Les nouvelles de Petković réunies en deux recueils – Communication sur la peste / Izveštaj o kugi (1989) et L’homme qui vivait dans les rêves / Čovek koji je živeo u snovima (1998) – sont, elles aussi, les produits d’un jeu subtil de l’érudition et de l’imagination. Conçues sur les procédés borgésiens ou sur ceux relevant des stratégies narratives postmodernes, elles se réfèrent sans cesse à l’histoire, à la religion et à la mythologie, et introduisent le lecteur dans un univers insolite. Un univers où l’on peut rencontrer, entre autres, l’apôtre Paul et ses disciples dans la Rome incendiée par Néron ; une réincarnation de Charon, le charretier chargé de conduire les âmes des morts dans le monde d’en bas ; un bâtisseur de gibets hanté par l’idée d’atteindre la perfection dans son « art » ; un ingénieur belgradois, fondateur et prophète de la secte des Immortels… Parmi les nouvelles de Petković, les plus originales mais aussi les plus déroutantes et hermétiques sont celles qui relèvent du réalisme magique, celles qui laissent présager l’étrange coexistence de mondes parallèles : le visible et l’invisible, le réel et le fantastique. Ces récits nous déconcertent, nous laissent pantois – parce que l’auteur ne nous offre aucune clef qui nous permettrait de percer le secret de l’intrigue, mais, surtout, parce qu’il bouscule toutes nos certitudes en nous donnant à entendre que la vie et la mort relèvent du mystère, et que ce mystère demeurera à jamais impénétrable.

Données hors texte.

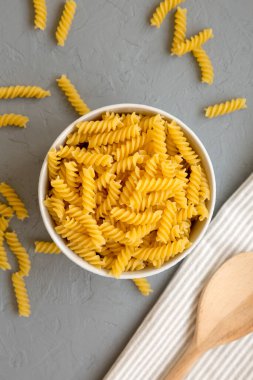 Pişmemiş sarı organik Rotini Pasta, en iyi manzara. Dümdüz, tepeden, yukarıdan. 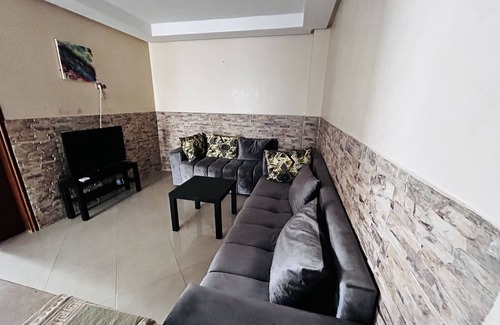 Harhoura Wohnung | Appartement Meublé Pour Famille de 4 à 6, à 5 min à Pied de la Plage de Harhoura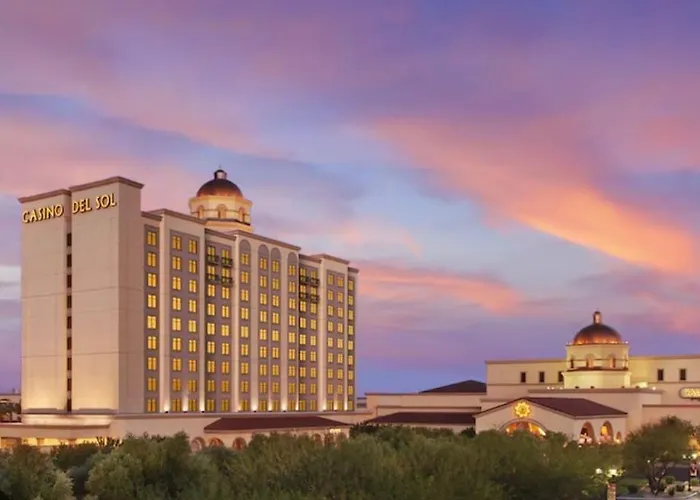 Desert Getaway Near Casino Del Sol *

Une partie non négligeable de l’opus littéraire de Petković est constituée d’essais qui accentuent encore sa dimension érudite et sa diversité thématique. Les plus importants sont sans doute ceux réunis dans les recueils À propos de Michel-Ange / O Mikelandjelu govoreći (2006) et Internet byzantin / Vizantijski internet (2007) où l’auteur fait montre tout à la fois d’une brillante érudition, d’une rare lucidité intellectuelle et d’un talent d’observation hors du commun. Sans hésiter à bousculer les idées reçues, il nous offre un regard original sur l’héritage culturel et spirituel antique et byzantin, sur quelques-uns des grands penseurs et artistes qui ont façonné la culture européenne ainsi que sur nombre de sujets relevant de l’histoire, de la religion, de l’idéologie, de la politique… Il y développe également ses réflexions sur la littérature avant de conclure qu’« ayant perdu son statut dans les stratégies du pouvoir », elle « a  perdu aussi son statut dans la hiérarchie du pouvoir ».